**TASK TO COMPLETE:**
Your task is to repeat the lines below exactly, excluding any pictures they contain.

**EXTRACTED ENTRIES:**
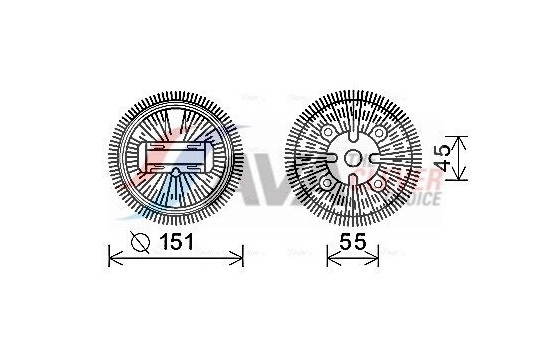 Clutch, radiator fan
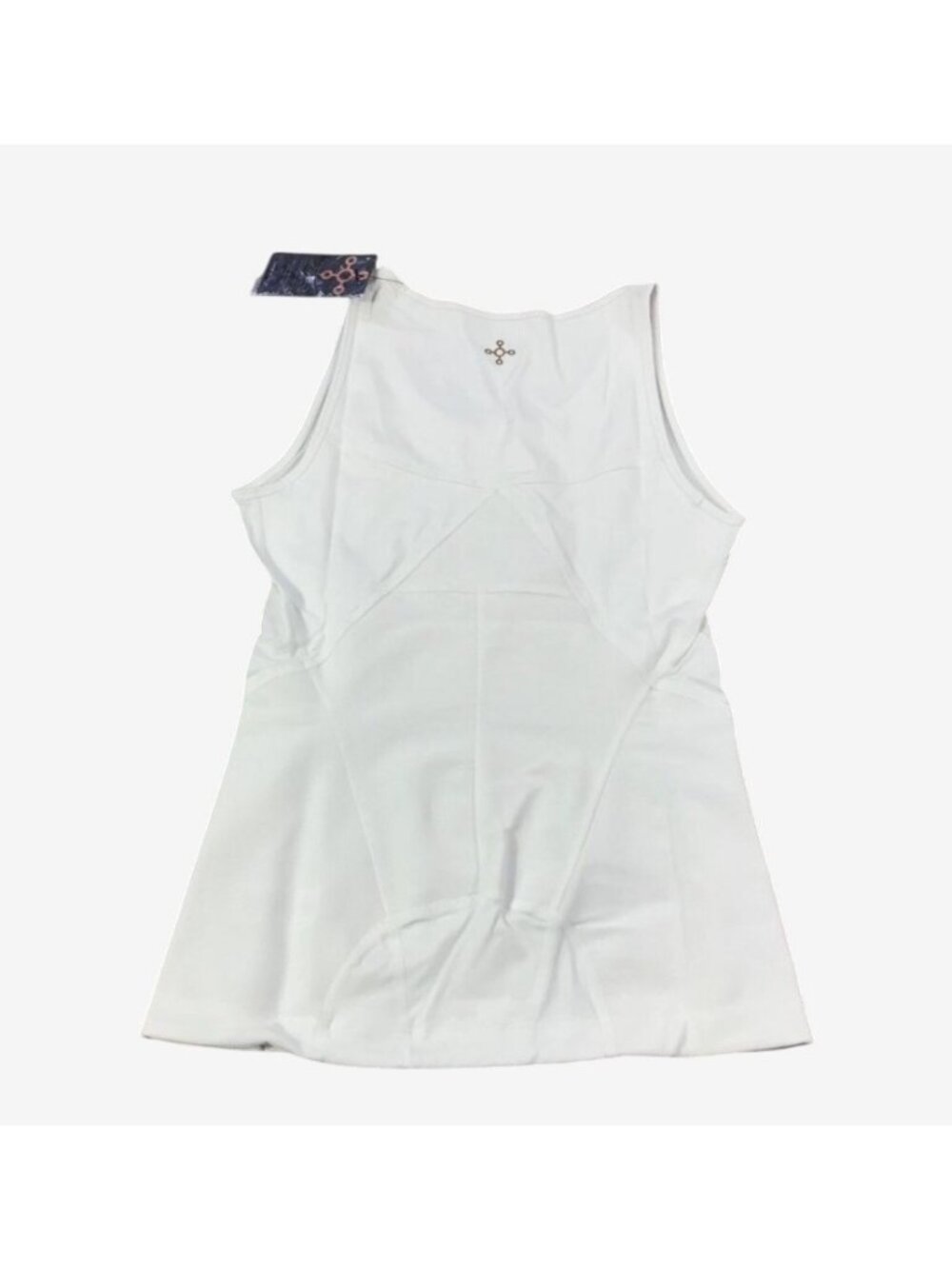 Tommie Copper Womens Lower Back Support Tank White XL Copper-Infused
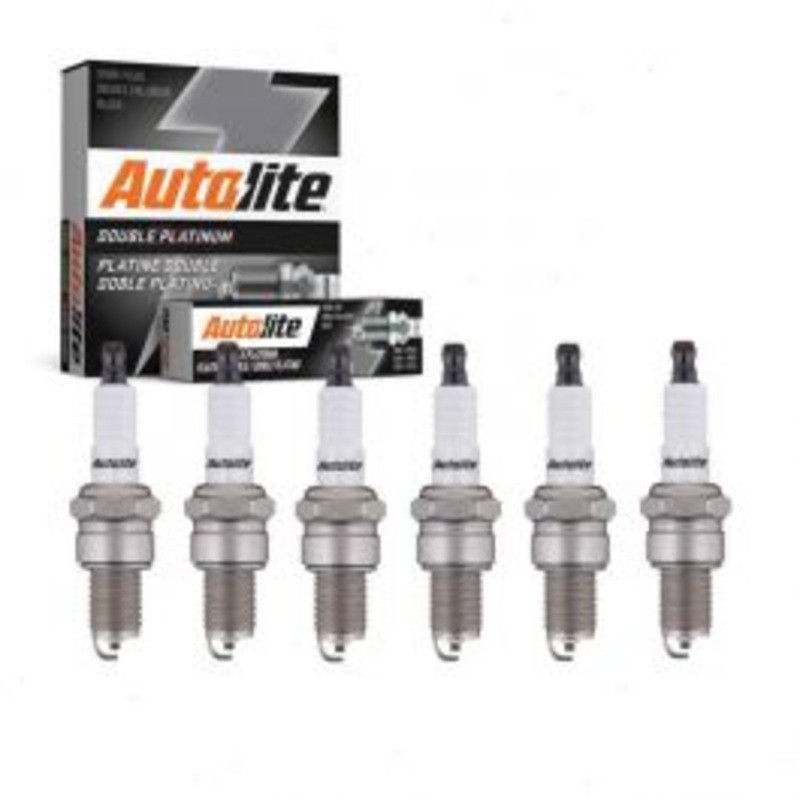 6 pc Autolite Double Platinum Spark Plug for 1967-1974 Reliant Scimitar 2.5L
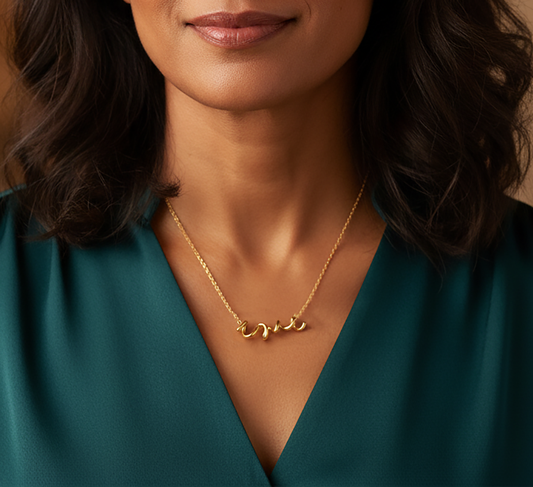 Love Necklace · Gold Plated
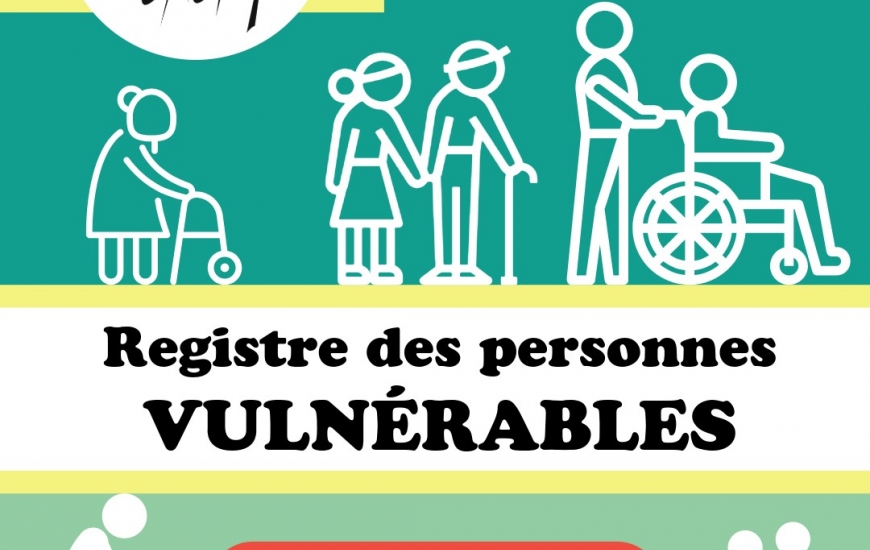 Registre des personnes vulnérables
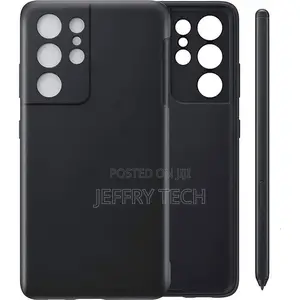 Samsung Galaxy S21 Ultra Silicone Case - Black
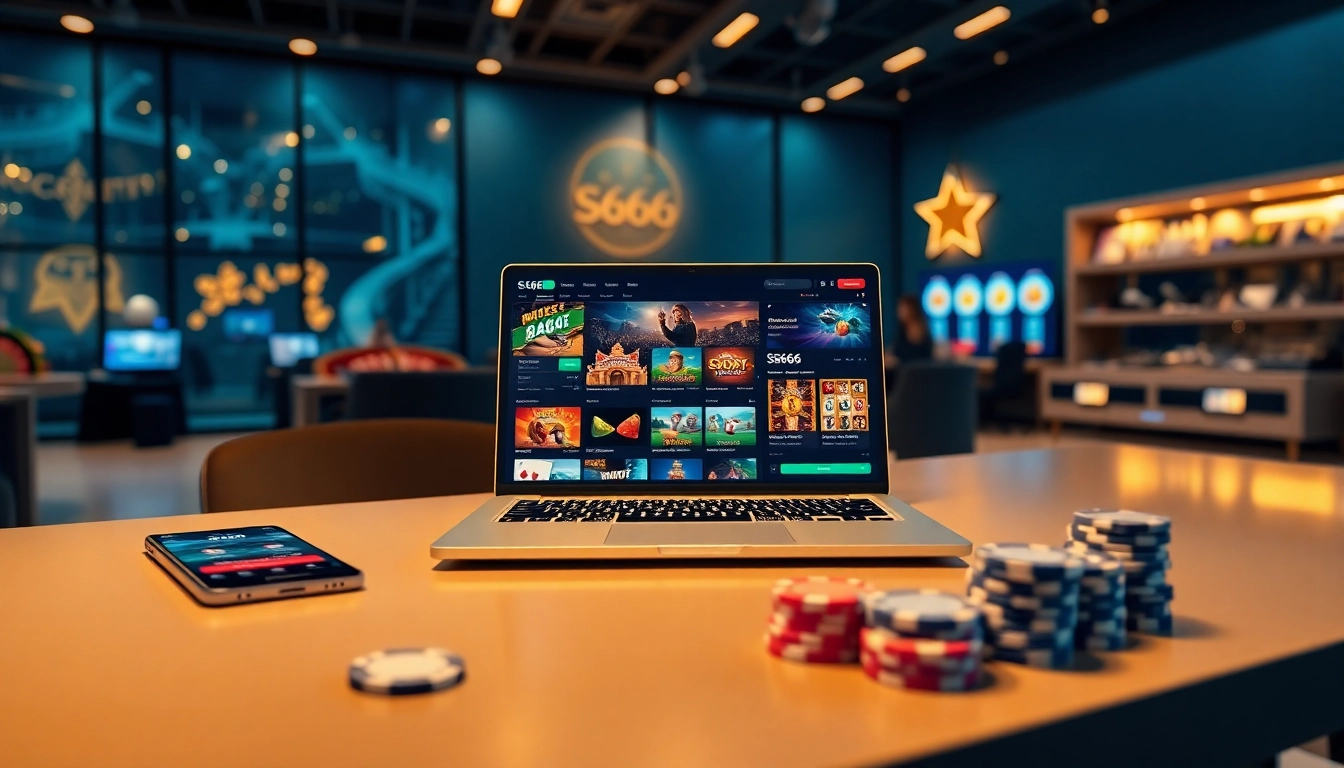 S666.nyc online gambling platform showcasing vibrant casino games and betting options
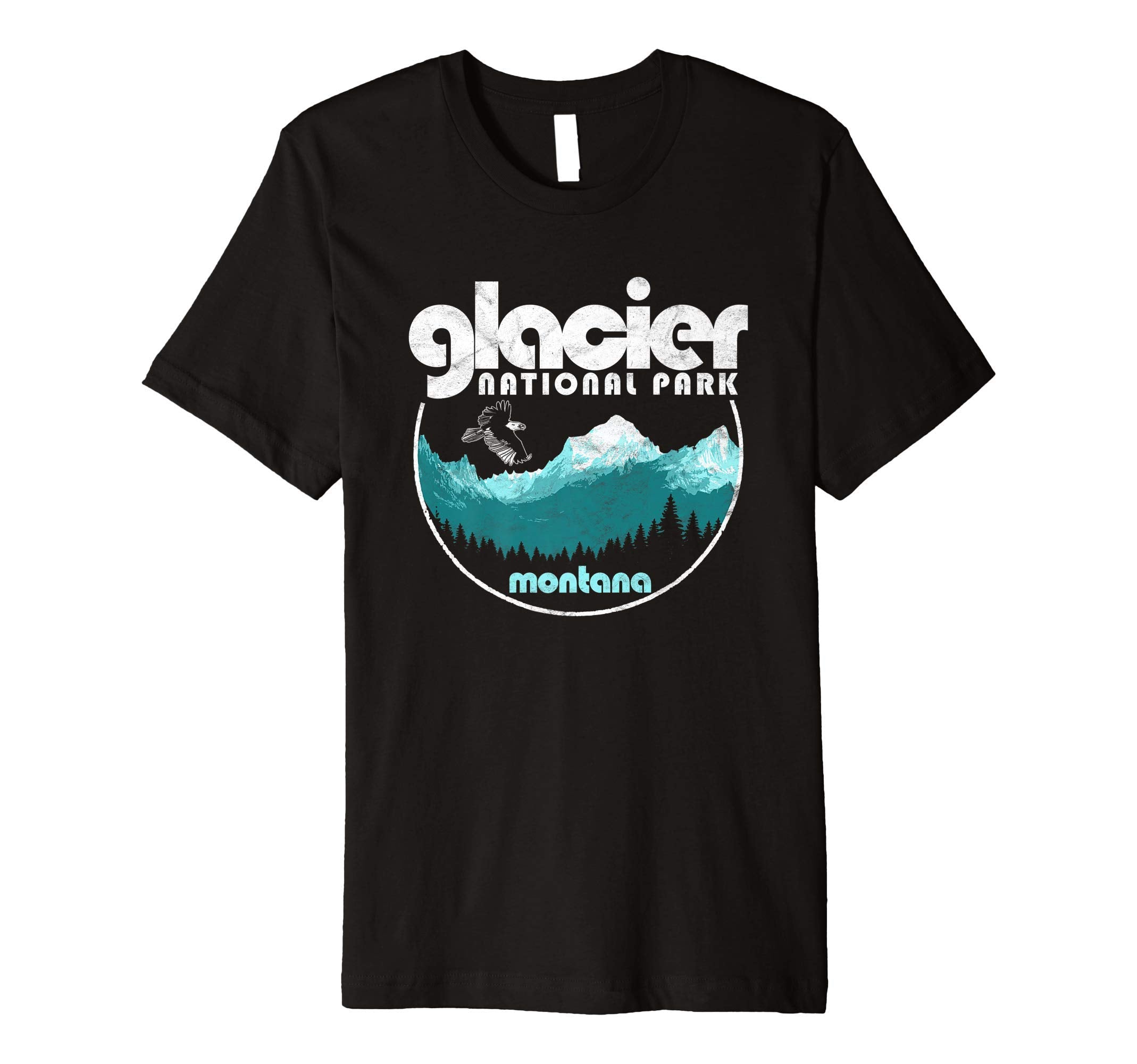 Glacier National Park Montana Nature T-Shirt - Streetwear Style Unisex - T-Shirt, Sweatshirt, Hoodie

**ANSWER TO THE PROBLEM:**
 Clutch, radiator fan
 Tommie Copper Womens Lower Back Support Tank White XL Copper-Infused
 6 pc Autolite Double Platinum Spark Plug for 1967-1974 Reliant Scimitar 2.5L
 Love Necklace · Gold Plated
 Registre des personnes vulnérables
 Samsung Galaxy S21 Ultra Silicone Case - Black
 S666.nyc online gambling platform showcasing vibrant casino games and betting options
 Glacier National Park Montana Nature T-Shirt - Streetwear Style Unisex - T-Shirt, Sweatshirt, Hoodie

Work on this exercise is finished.